◆ Data below
· · · ·

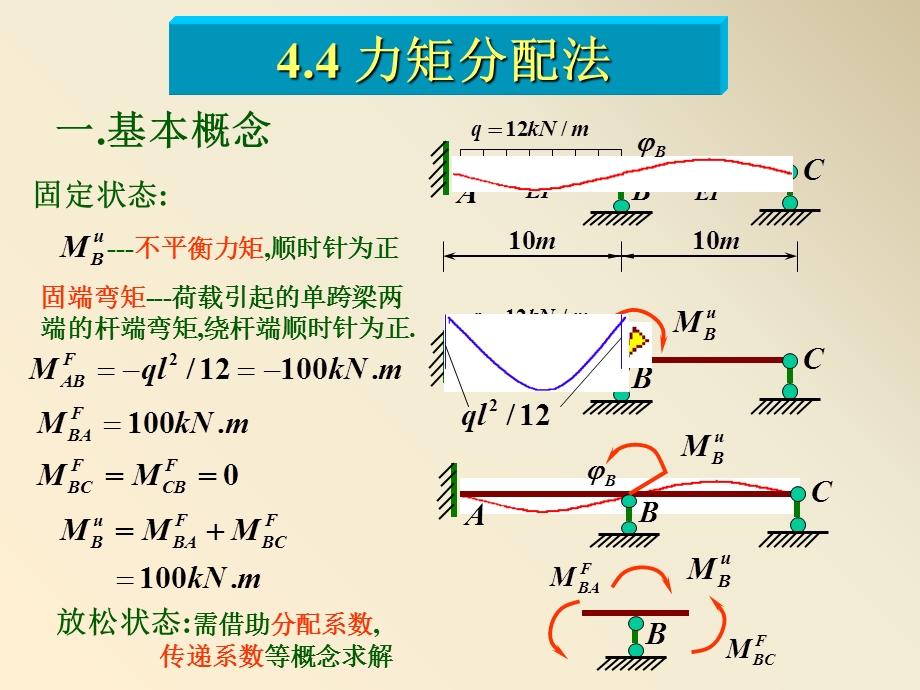 结构力学(第四章)-力矩分配法.ppt_第3页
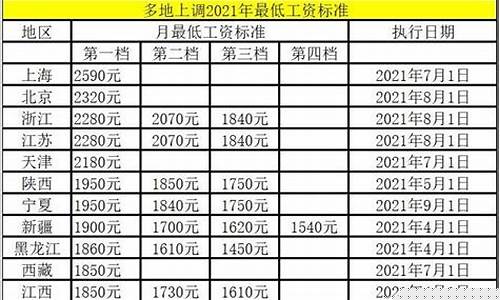东莞油价排名_2020年东莞最低油价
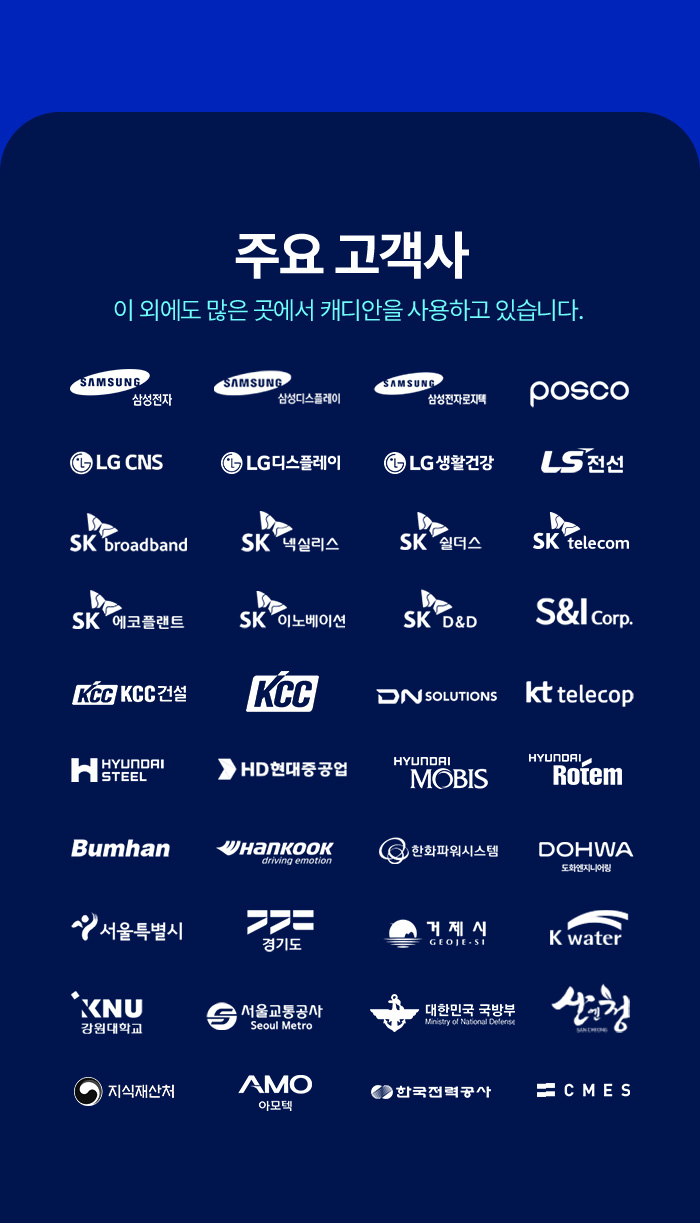 customers list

· · · ·

◆ Requirement
The whole listing, minus its images, should be repeated exactly.

◆ Solution to the problem
 结构力学(第四章)-力矩分配法.ppt_第3页
东莞油价排名_2020年东莞最低油价
 customers list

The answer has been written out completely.